Decentralized autonomous organizations (DAOs) have been getting a lot of prominence in this wildly expanding crypto ecosystem. As the name suggests, DAOs are organizations with a decentralized hierarchal structure. It means that a community collectively owns an organization’s decision-making process.
While DAOs have emerged as the future of decentralized corporate governance, there have been many anomalies in their functioning. As per the recent report from Chainalysis, most DAOs aren’t as decentralized as intended to be.
Related: DAOs experience 8x growth in 12 months – Report
Chainalysis analyzed the functioning of ten major DAO projects wherein it found some stark details. During its research, Chainalysis found that the voting power in DAOs has been largely concentrated. On average, less than 1 percent of all the holders had concentrated more than 90 percent of all the voting power.
This shows that a high amount of power has been concentrated in the hands of a selected few, an issue that DAOs were supposed to solve. The Chainalysis report notes:
This has meaningful implications for DAO governance. For example, if just a small portion of the top 1% of holders worked together, they could theoretically outvote the remaining 99% on any decision. This has obvious practical implications and, in terms of investor sentiment, likely affects whether small holders feel that they can meaningfully contribute to the proposal process.
The report also notes that a user must hold between 0.1 percent and 1 percent of the total outstanding token supply to create a proposal. However, to pass a proposal, the user must hold anywhere between 1 percent to 4 percent.
Understanding the key trade-offs in DAOs
The Chainalysis report shows that there have been trade-offs in the working of DAOs. If there are several holders creating a proposal the average proposal quality can fall. This could lead to major governance spam in the case of DAOs.
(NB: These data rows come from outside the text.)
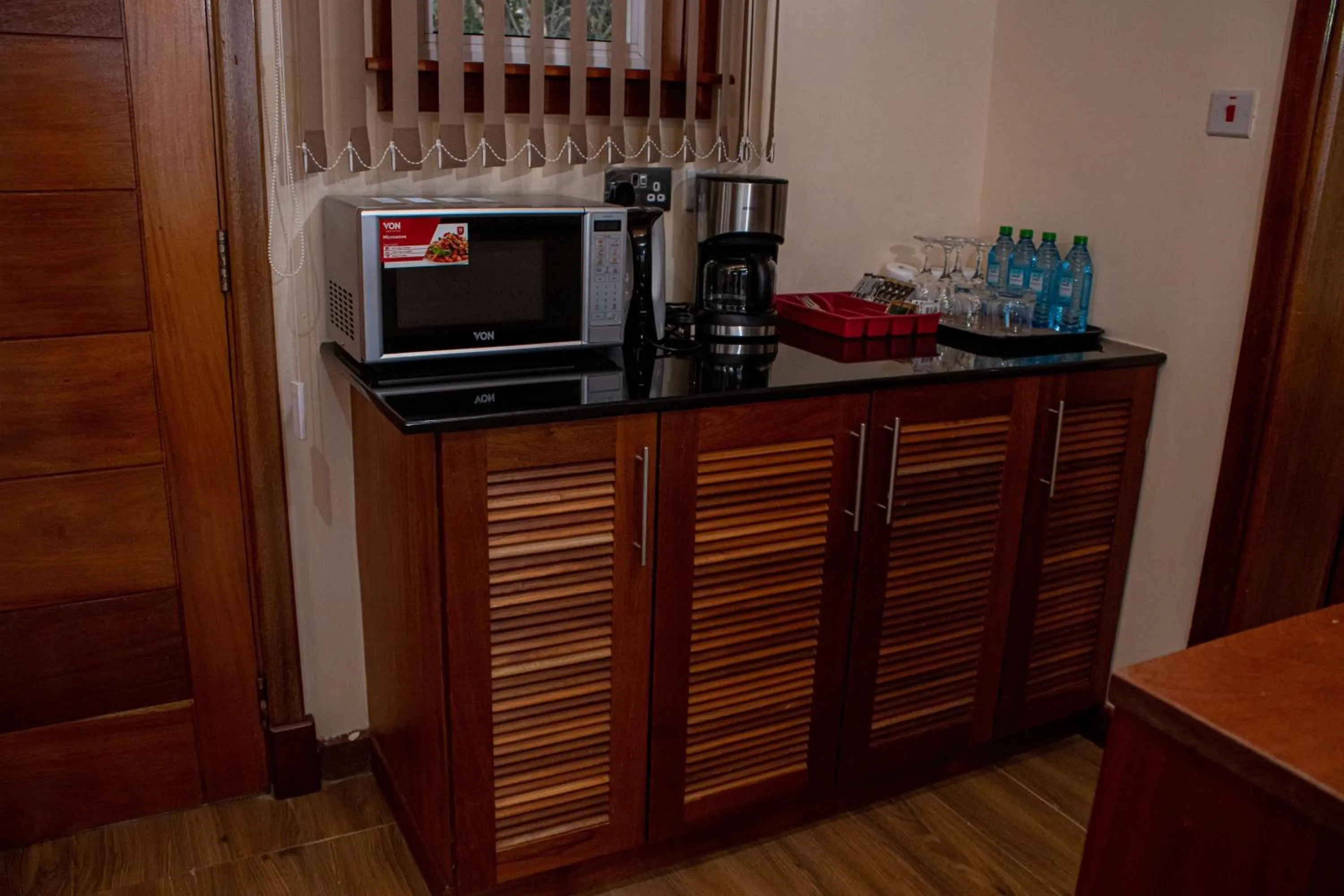 Coffee/tea facilities in Lake Elementaita Mountain Lodge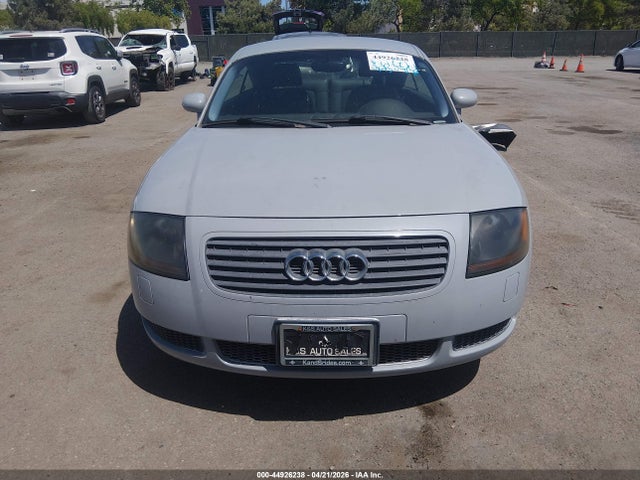 44926238 :رقم المزاد ، TRUSX28N011033257 vin ، 2001 Audi Tt مزاد بيع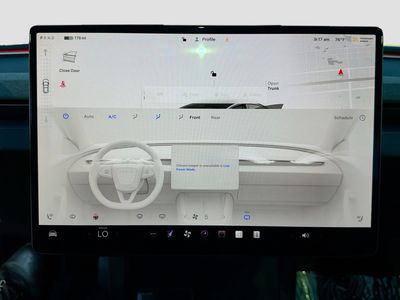 2025 Tesla Model 3 — photo 32 view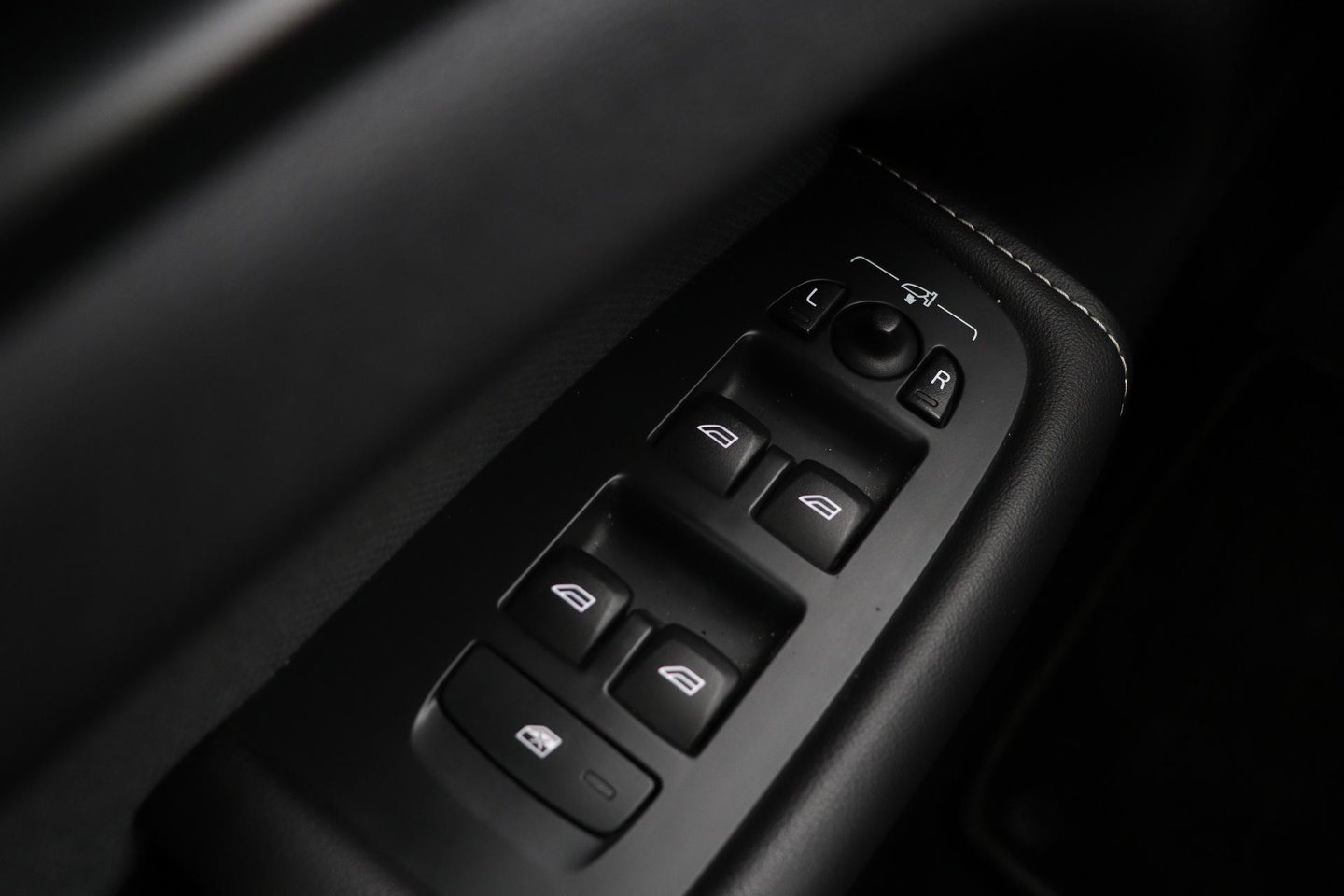 Volvo XC60 T4 R-Design | Camera | BLIS | Elektrische Achterklep | Memory Seats | Apple CarPlay | Verwarmde Voorruit | 19 Inch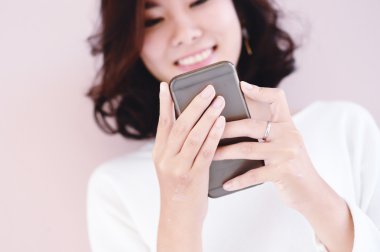 Asya akıllı telefonu olan mutlu kadın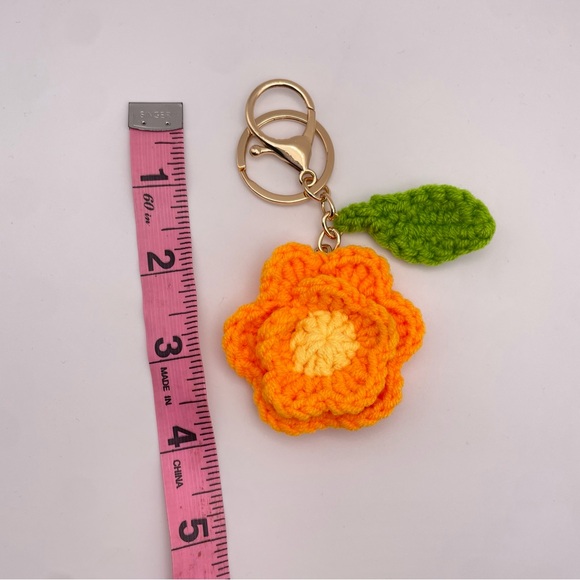 HANDMADE | Orange Crochet Hibiscus | Bag Charm | Keychain (Brand New!) ✨ - Picture 8 of 9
However, on the flip side, in the case of too few holders, the community can feel that “decentralized governance” rings as false.
Chainalysis writes:
When it comes to single-handedly passing a proposal, between 1 in 10,000 and 1 in 30,000 holders have enough tokens to do so.
One of the clear examples regarding the concentration of voting power that we saw was with the Solana-based lending DAO Solend. Amid the liquidity crisis earlier this month, the Solana-based decentralized protocol Solend decided to take over whale accounts. It further decided to execute liquidations themselves through OTC desks in order to avoid a series of liquidations across the DEX books.
Although the proposal received 1.1 million, a staggering 1 million votes came from single users. Following a community backlash, Solend decided to pull back the proposal and work on another mechanism.